Task statement - Please keep to the lines below from the one with "Gagged & Anal" through the one with "Topeka Hayden Wildcats", and restate them word for word, ends included.

============================================================

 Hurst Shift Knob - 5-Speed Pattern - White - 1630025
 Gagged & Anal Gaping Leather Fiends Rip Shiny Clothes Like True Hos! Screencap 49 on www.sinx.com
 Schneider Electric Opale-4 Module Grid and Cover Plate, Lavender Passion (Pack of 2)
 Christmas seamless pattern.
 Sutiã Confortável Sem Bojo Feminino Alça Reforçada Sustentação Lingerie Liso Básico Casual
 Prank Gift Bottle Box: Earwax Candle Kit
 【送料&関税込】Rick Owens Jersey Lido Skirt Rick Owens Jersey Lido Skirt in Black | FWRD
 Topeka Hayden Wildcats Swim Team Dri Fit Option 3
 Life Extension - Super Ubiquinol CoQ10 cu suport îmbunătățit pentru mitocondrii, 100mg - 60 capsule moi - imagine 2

============================================================

Completed exercise -
 Gagged & Anal Gaping Leather Fiends Rip Shiny Clothes Like True Hos! Screencap 49 on www.sinx.com
 Schneider Electric Opale-4 Module Grid and Cover Plate, Lavender Passion (Pack of 2)
 Christmas seamless pattern.
 Sutiã Confortável Sem Bojo Feminino Alça Reforçada Sustentação Lingerie Liso Básico Casual
 Prank Gift Bottle Box: Earwax Candle Kit
 【送料&関税込】Rick Owens Jersey Lido Skirt Rick Owens Jersey Lido Skirt in Black | FWRD
 Topeka Hayden Wildcats Swim Team Dri Fit Option 3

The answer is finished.